I'm have brown hair and I also got followed around in the Middle East. And got called out to in Italy. I'm not some Cindy Crawford type, either. Five feet tall, no boobs to speak of. Just saying that you might have been attributing the attention to your hair, when really it was that Western women are easy targets some places.
Yes to western women, but it is amplified the lighter you are and the less makeup you have on
Anonymous wrote:Anonymous wrote:Anonymous wrote:Sophia Loren types have always been hot.
What I would like to see is a female equivalent to Adam Driver: a woman with a freakishly weird pancake face who is considered hot.
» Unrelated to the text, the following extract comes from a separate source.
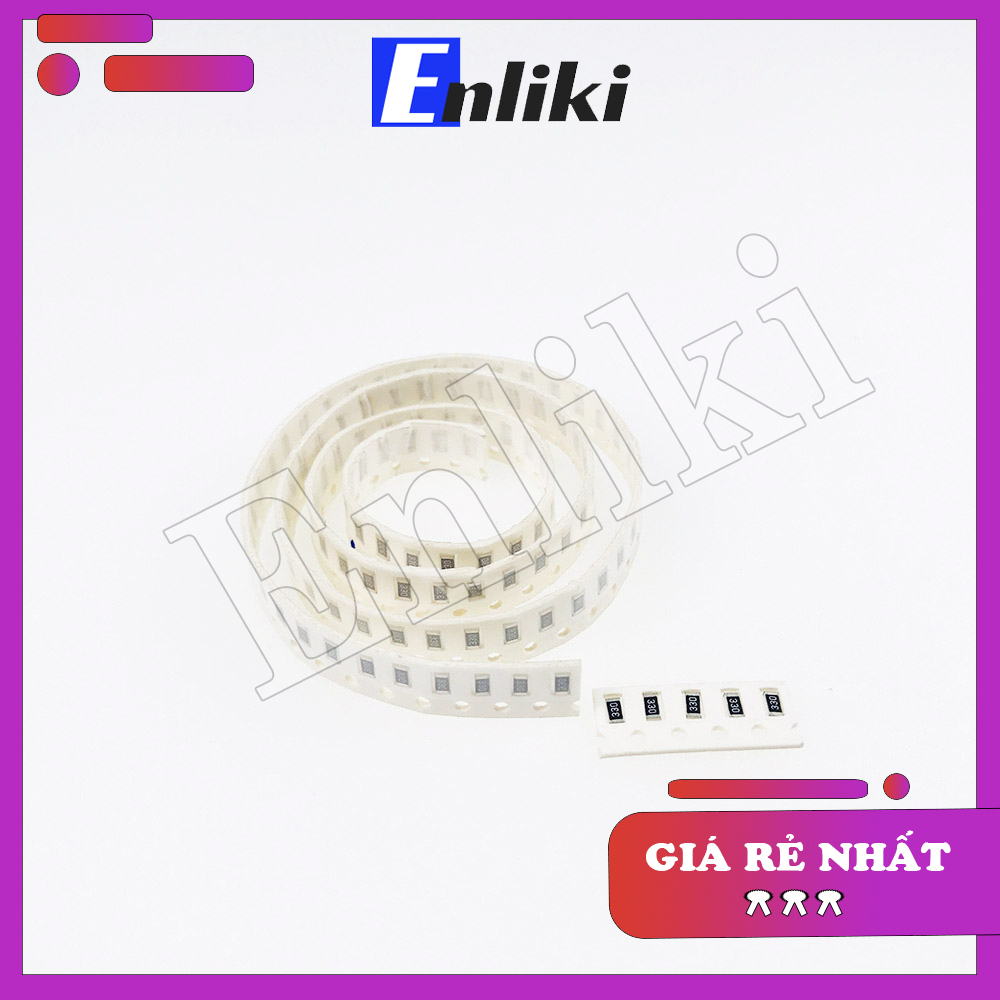 Điện trở dán 1k 1206 5%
I feel like Anjelica Huston is the female equivalent--they are both jolie laide.
Uma Therman.
I can't decide if Uma and Adam are homely or hot. To me they look like they are BOTH. Which is odd but I kind of love it, I love when people don't fit the mold and our brains trip out on it a little
Anonymous wrote:
I am in my late fifties, so, I grew up surrounded by media: print, ads, tv, etc. presenting the ideal woman as a blonde like Christie Brinkley or Farrah Fawcett. Articles in all types of magazines would always mention blondes as the de facto vision of a beautiful woman. Children were described as tow-headed in a beatific angels sort of way. Specifically, I am talking about white women with fine, Nordic features. I realize anyone can have highlighted hair, but I am referencing women that look like they may have been blonde as a child.
I am white, but as an Italian brunette that looks Mediterranean, I have never really felt that I fit in with the US standards of beauty. There are obviously more inclusive and diverse representations of beauty now, but I wonder if blondes feel something like backlash? If you’re a blonde woman, do you ever feel sort of targeted and stereotyped as an entitled UMC athleisure- clad woman, mean-girl cheerleader, or Fox News anchor? Do you feel like women of color dislike you or feel uncomfortable in your presence? Do you feel like you need to signal that you’re an ally and wonder if it appears awkward?
Slightly off-topic, but I think the Kardashians are popular because of young women who look a little like me in my 20s. For all their plasticine parts and appropriating AA beauty, it is still an aspirational look that is at least partially achievable by a lot of Latina, biracial, etc., women. They have zero chance of looking like Rosie Huntington-Whiteley.
Doesn’t it seem like every thread on how to look like a wealthy wasp is just code for white blonde coveting? I am also curious to hear from non-white women about your own internalized messages. I hate the fact that I secretly hope my daughter marries someone less “ethnic” looking than myself.